= Beginning of Section =

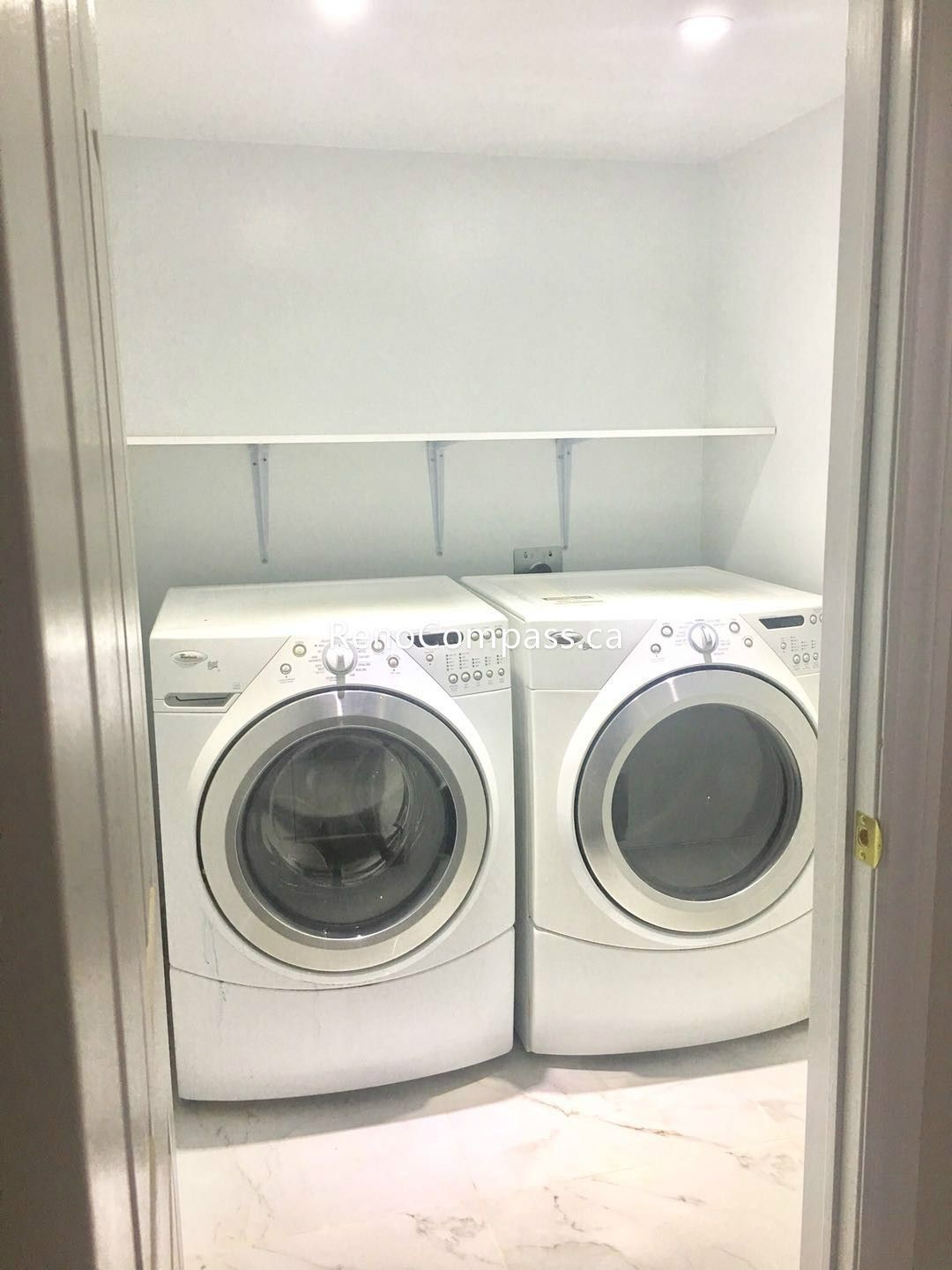 This Toronto basement renovation includes a newly finished laundry room with modern front-load washer and dryer units, durable tile flooring, and clean built-in shelving for storage. The bright lighting and organized layout create a practical and efficient laundry space. Completed by Reno Compass Inc., this basement upgrade enhances convenience, functionality, and overall home value for Toronto homeowners.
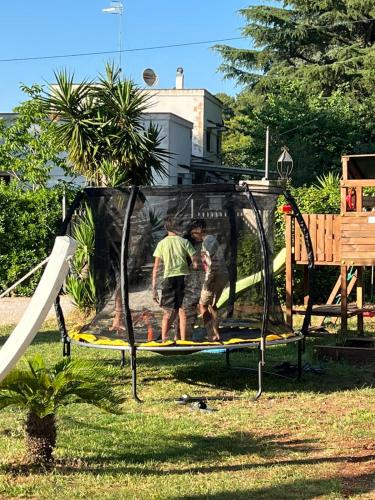 a man and a child playing on a playground at Villa don peppe in Selva di Fasano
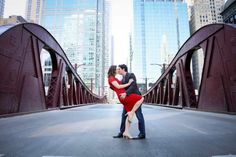 a man and woman kissing on a bridge in the middle of a city with tall buildings behind them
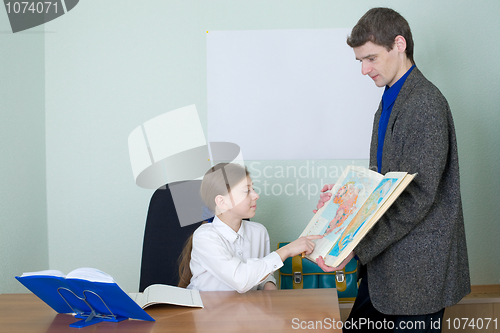 Image of Tutor and schoolgirl with atlas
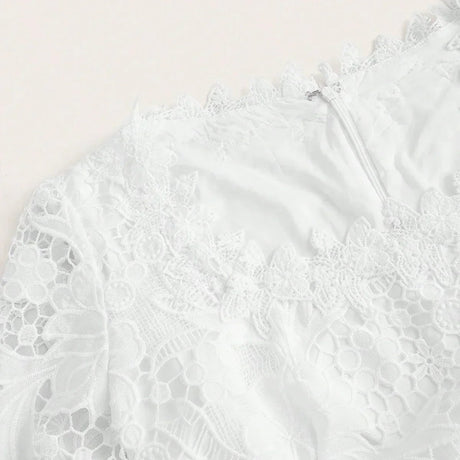 Delicate and ethereal, this white lace dress features intricate floral embroidery and a flattering fit that enhances the.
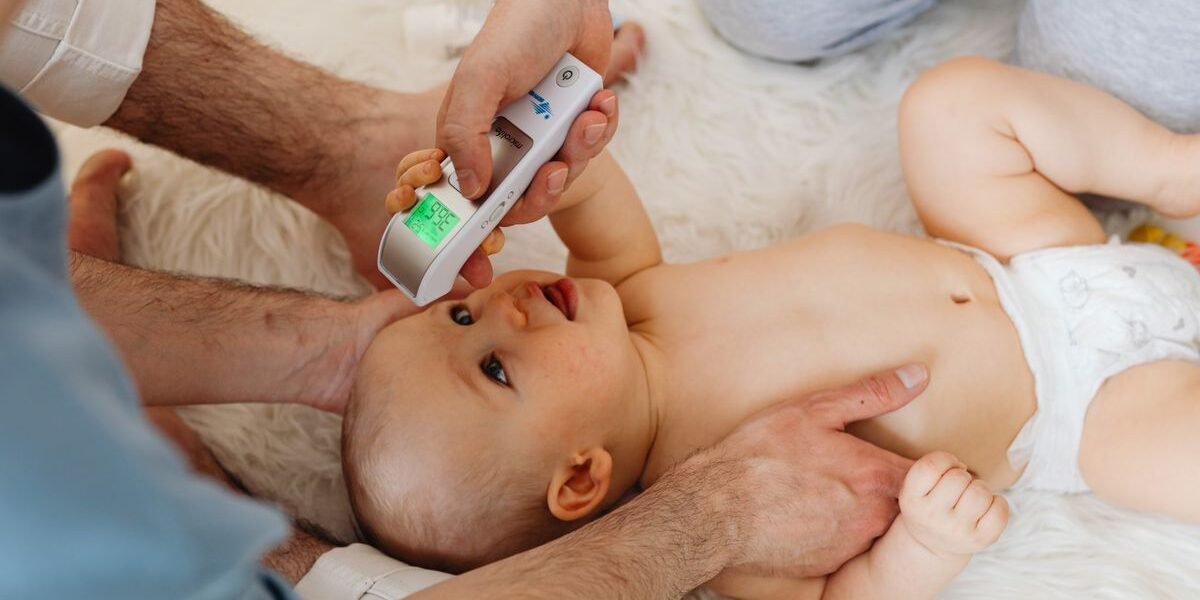 Ouder meet de temperatuur van een baby met een digitale koortsthermometer
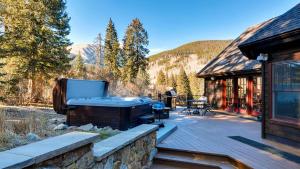 a hot tub on a deck next to a cabin at Breckenberg Haus in Breckenridge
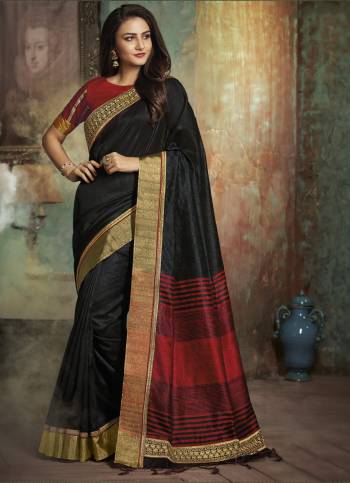 Enhance Your Beauty Wearing This Saree In Black Color Paired With Contrasting Red Colored Blouse. This Saree And Blouse Are Fabricated On Art Silk Bautified With Embroidered Lace Border. Buy This Saree Now.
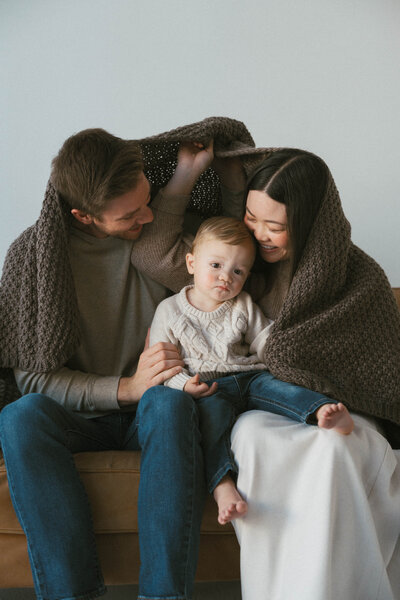 Family of four  is sitting down on the grass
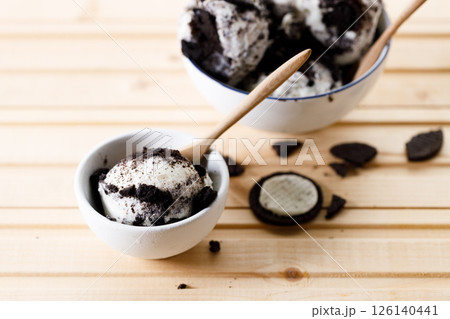 Cookies and cream ice cream in a white bowl. 126140441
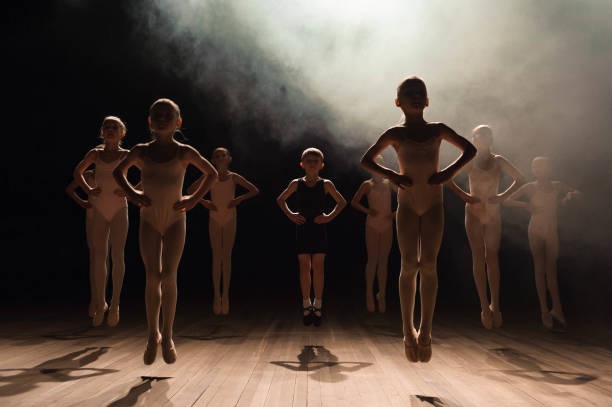 istock happy children doing ballet jump 1165528327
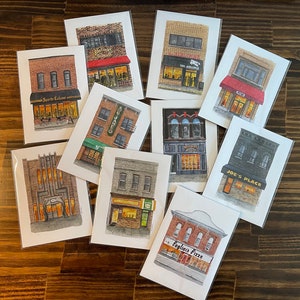 May include: A set of ten watercolor illustrations of storefront buildings. Each illustration features a different building with a unique name and design. The illustrations are painted in a realistic style with a focus on detail. The buildings are all in a similar style, with brick walls, wooden doors, and windows. The illustrations are perfect for adding a touch of whimsy to any home or office.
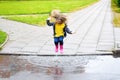 Happy cute little girl jumping in puddle after rain in summer Royalty Free Stock Photo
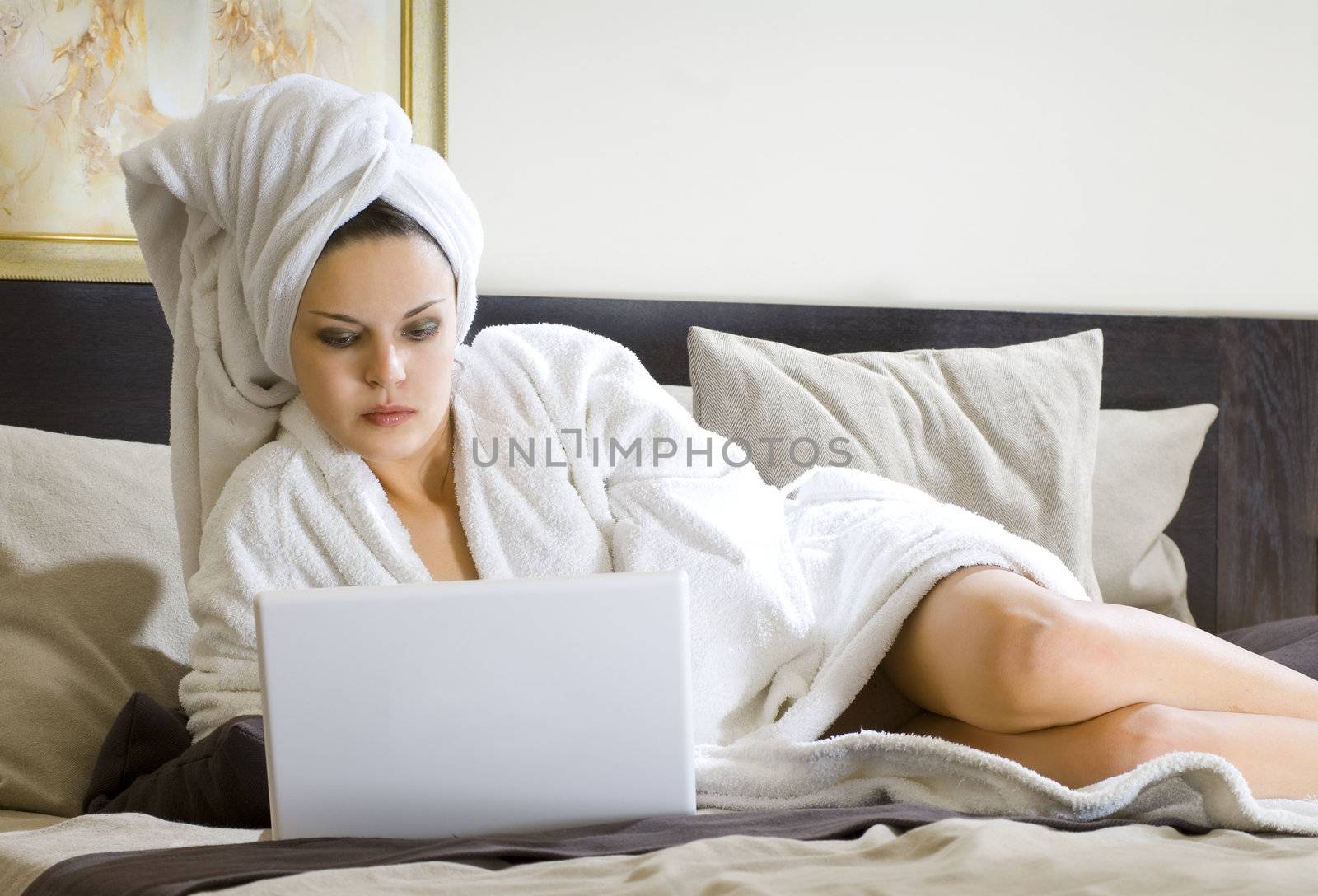 beautiful woman in white bathrobe on a bed with laptop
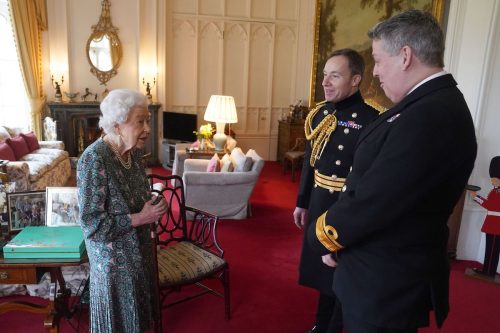 Queen Elizabeth meeting with outgoing Defence Service Secretary Rear Admiral James Macleod and incoming Defence Service Secretary Major General Eldon Millar on February 15, 2022 at Windsor Castle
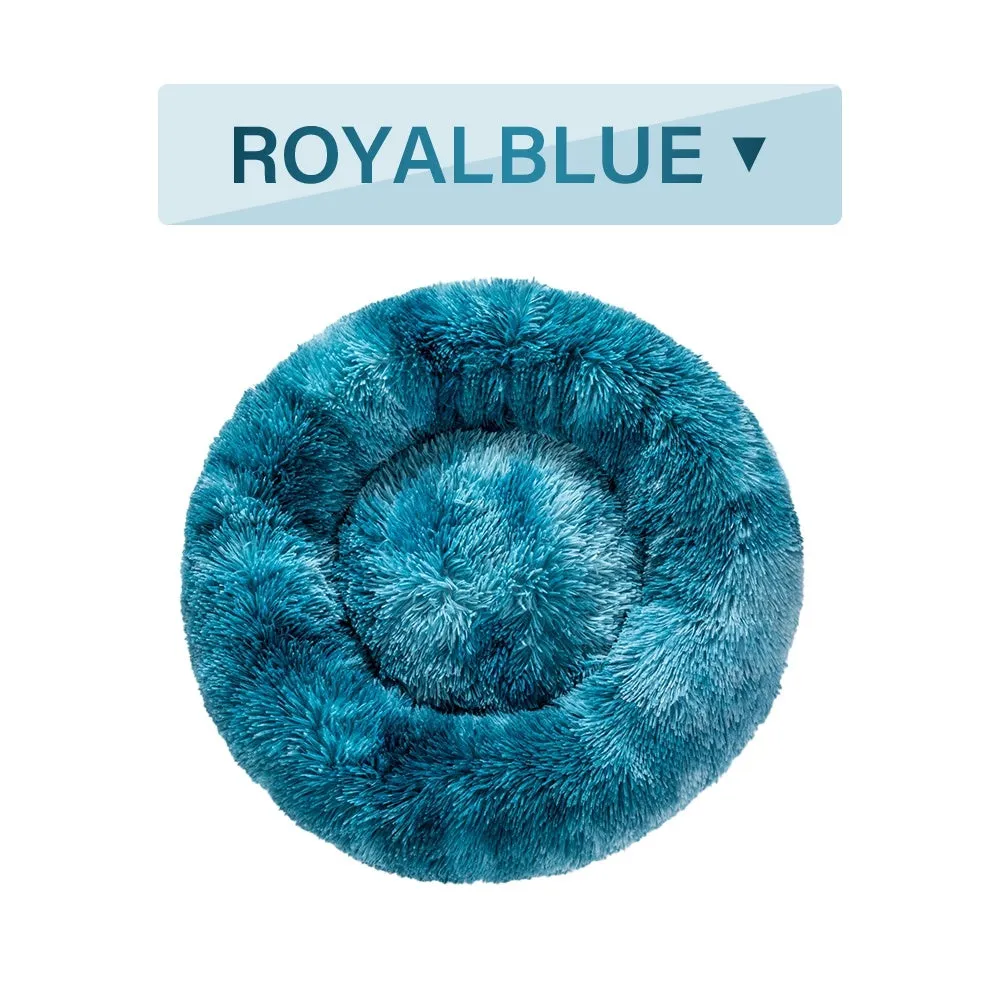 Fluffy donut-shaped pet bed in long plush fabric, showing raised rim, available in multiple colours.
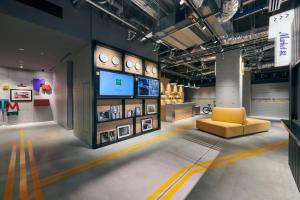a room with a yellow chair and a tv at ibis Styles Nagoya in Nagoya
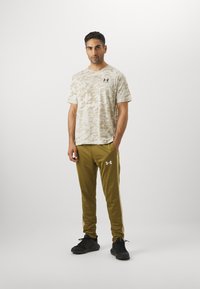 Camo-mønstret kortærmet skjorte i beige og olivengrønne sweatpants. Sorte atletiske sko; logo accenter på skjorte og bukser.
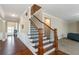 Elegant foyer features a wood staircase, hardwood floors, and wainscoting at 205 Bergen Dr, Fayetteville, GA 30215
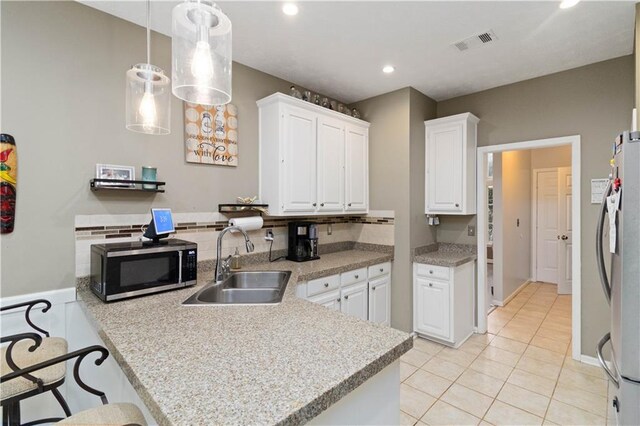 kitchen featuring sink, white cabinetry, kitchen peninsula, and hanging light fixtures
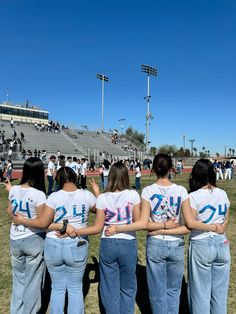 four girls in white shirts and blue jeans are standing on the field with their arms around each other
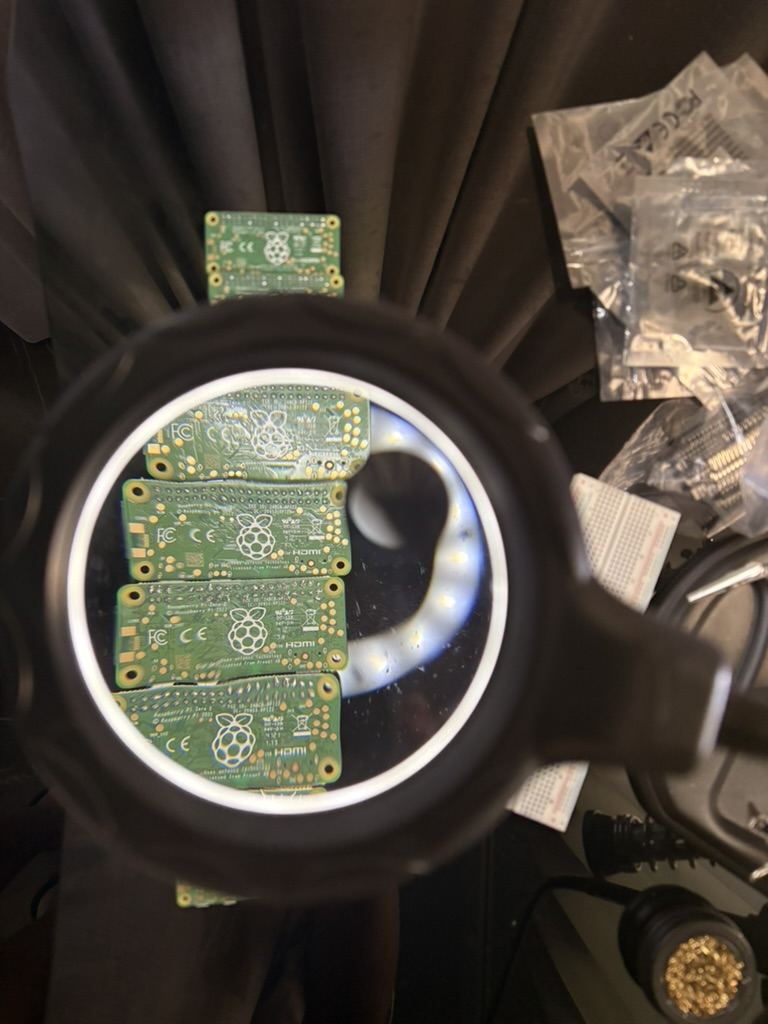 Cuatro placas Raspberry Pi Zero vistas a trav&eacute;s de una lupa con luz de anillo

= End of Section =

### What you are asked to do
Print the line above containing "Family of four", the line containing "Happy cute little", and everything between them, exactly as written. Pictures stay out.

### Response to the task
 Family of four  is sitting down on the grass
 Cookies and cream ice cream in a white bowl. 126140441
 istock happy children doing ballet jump 1165528327
 May include: A set of ten watercolor illustrations of storefront buildings. Each illustration features a different building with a unique name and design. The illustrations are painted in a realistic style with a focus on detail. The buildings are all in a similar style, with brick walls, wooden doors, and windows. The illustrations are perfect for adding a touch of whimsy to any home or office.
 Happy cute little girl jumping in puddle after rain in summer Royalty Free Stock Photo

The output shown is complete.